How many do you need? Our warehouse should have many.


----------



## lxinuk (Mar 18, 2012)

I only need 20 x could you let me know, where and how much x this would be awesome!


----------



## mannyk329 (May 9, 2012)

lxinuk said:


> I only need 20 x could you let me know, where and how much x this would be awesome!


Shot you a PM.


----------



## chingdg (Aug 15, 2013)

mannyk329 said:


> Shot you a PM.



can you pm me as well? thanks!


----------



## ihafeez (Aug 17, 2013)

mannyk329 said:


> How many do you need? Our warehouse should have many.


Hello Manny,

I need few pallets for my project, i would highly appreciate if you can give me some...

Regards,
Mohammed Hafeez


----------



## edauhe (Nov 5, 2013)

mannyk329 said:


> Shot you a PM.


Any chance you still have a few spare i can pick up?

Greatly appreciated!


----------



## 777steve (Oct 25, 2014)

Hi Manny,
I see this is an old post but I'm also looking for some pallets so I can make a childrens playground in my neighbourhood. Would you have any more in your warehouse? Thank you.


----------



## K0sh (Sep 10, 2014)

Not sure pallets would be good for kids play areas. They are made of wood that is prone to splinters.


----------



## 777steve (Oct 25, 2014)

Don't worry K0sh, I'll be sanding them and using them wisely!


----------



## Lady Daisy (Oct 28, 2014)

Any body know where I could find some pallets???


----------



## Lady Daisy (Oct 28, 2014)

777steve said:


> Hi Manny,
> I see this is an old post but I'm also looking for some pallets so I can make a childrens playground in my neighbourhood. Would you have any more in your warehouse? Thank you.

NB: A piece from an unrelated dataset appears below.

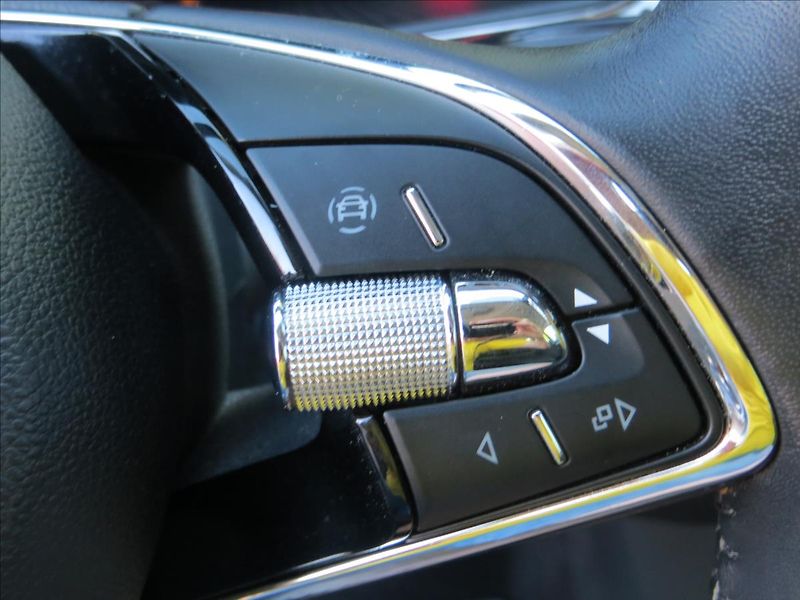 Škoda Superb 2,0 TDI Ambition DSG ČR - fotka 20 z 24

Hi - did you have any success finding some pallets? Im still looking


----------



## 777steve (Oct 25, 2014)

Apparently there are some places in Sharjah that make them. You can buy them for 8 - 10 AED each.


----------



## Lady Daisy (Oct 28, 2014)

That sounds perfect! Do you know any specific contacts?


----------



## 777steve (Oct 25, 2014)

I sent someone to collect them the other day but they called me to say that they were in terrible condition so it's not an option for me now. If I find some I will update this thread and let you know. If you find some, please let me know also.


----------



## Zoulfa (Dec 14, 2014)

Hello!

Any of you got any luck finding pallets? Address please!


----------



## regpadfield (Jul 11, 2015)

This is an old thread but was wondering if anyone managed to get hold of some pallets?


----------



## Tjjoubert (Jul 30, 2015)

*Wooden pallets needed*

:fingerscrossed::fingerscrossed:Seeing that everyone has a connection with wooden pallets, is there any place I can pick some up? Please email me if anyone has any idea where I can get some! TJ.


----------



## jeetender (Sep 20, 2015)

Hi i am looking for 20 palets can anyone help me get free i m staying in Dubai


----------



## Rlw (Aug 29, 2016)

Hellloooo.. looked everywhere for used wooden pallets and would be really grateful if anyone could let me know if they can help.. I need 20 and will pay if needed but hoping for free or very cheap.. I can pick up or pay for transport! Thank you


----------



## Danielle.1992 (Feb 12, 2018)

Does anyone know where I can fine 4 wooden crates?


----------